# [EXERCISE DESCRIPTION]
Please print every line from the one containing "this 350×262 image." through the last line of the records below, exactly as written and nothing more.

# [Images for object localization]

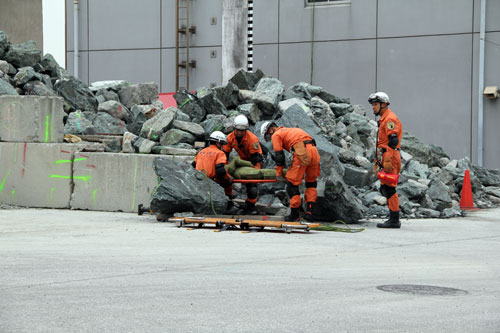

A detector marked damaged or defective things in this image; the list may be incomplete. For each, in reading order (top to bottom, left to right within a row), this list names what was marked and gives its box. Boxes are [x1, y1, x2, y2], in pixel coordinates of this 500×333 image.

broken concrete slab [0, 96, 65, 143]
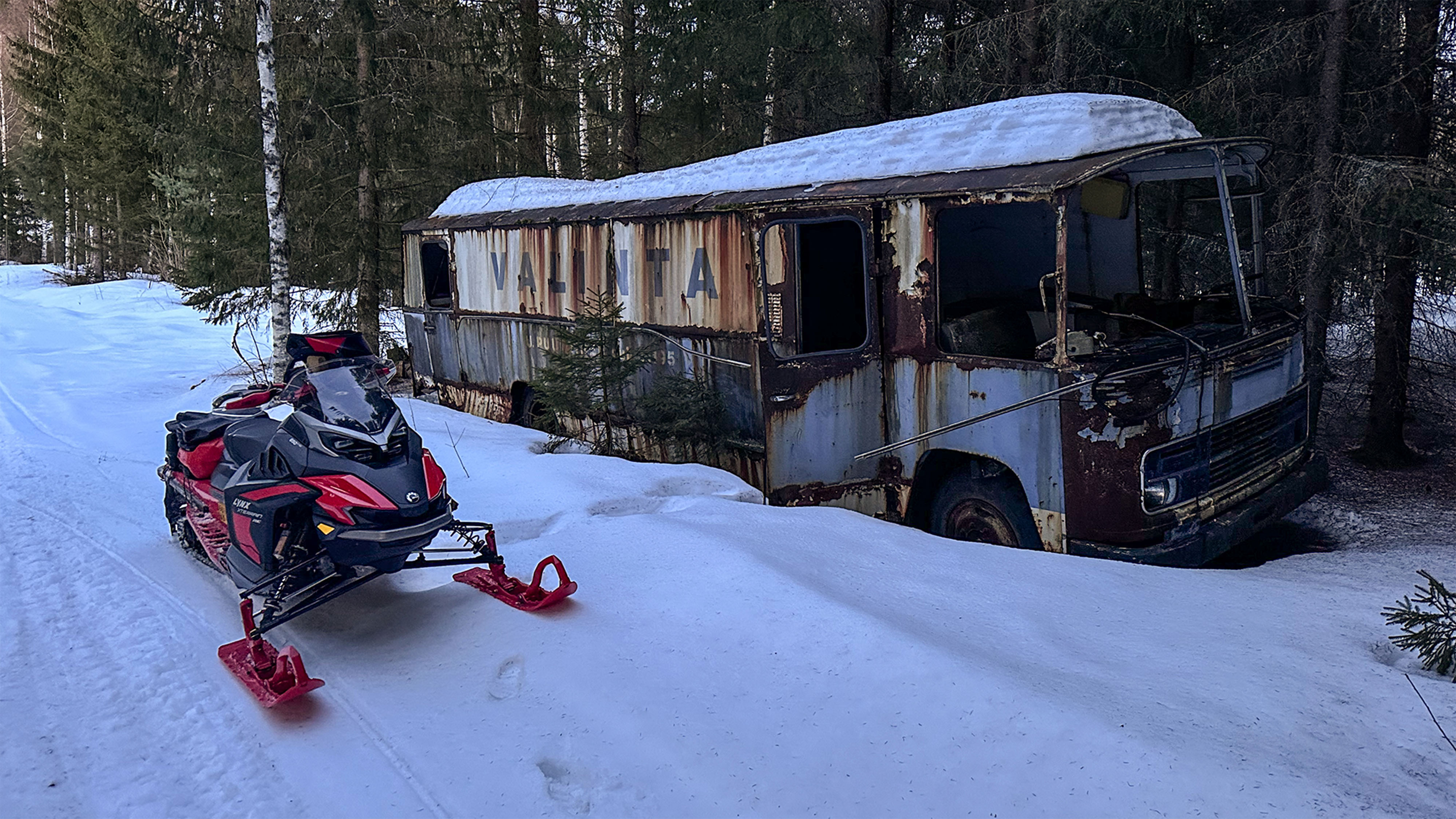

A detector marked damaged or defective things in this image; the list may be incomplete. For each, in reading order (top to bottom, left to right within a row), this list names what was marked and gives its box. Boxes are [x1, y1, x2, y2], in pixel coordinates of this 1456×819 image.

abandoned bus [405, 92, 1328, 565]
rusted bus body [405, 137, 1328, 565]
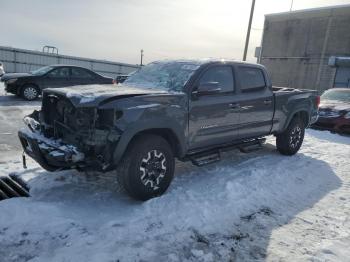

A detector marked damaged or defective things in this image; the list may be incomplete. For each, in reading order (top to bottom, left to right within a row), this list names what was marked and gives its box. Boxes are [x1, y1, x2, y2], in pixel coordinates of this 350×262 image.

crushed bumper [18, 126, 85, 173]
crumpled front end [19, 92, 123, 172]
damaged toyota tacoma [18, 59, 320, 200]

# [RESULT]
A detector marked damaged or defective things in this image; the list may be incomplete. For each, in reading order (top to bottom, left to right within a row), this list names what was marked and gives its box. Boxes are [x1, y1, x2, y2], in pixel coordinates of this 350×262 image.

crushed bumper [18, 126, 85, 173]
crumpled front end [19, 92, 123, 172]
damaged toyota tacoma [18, 59, 320, 200]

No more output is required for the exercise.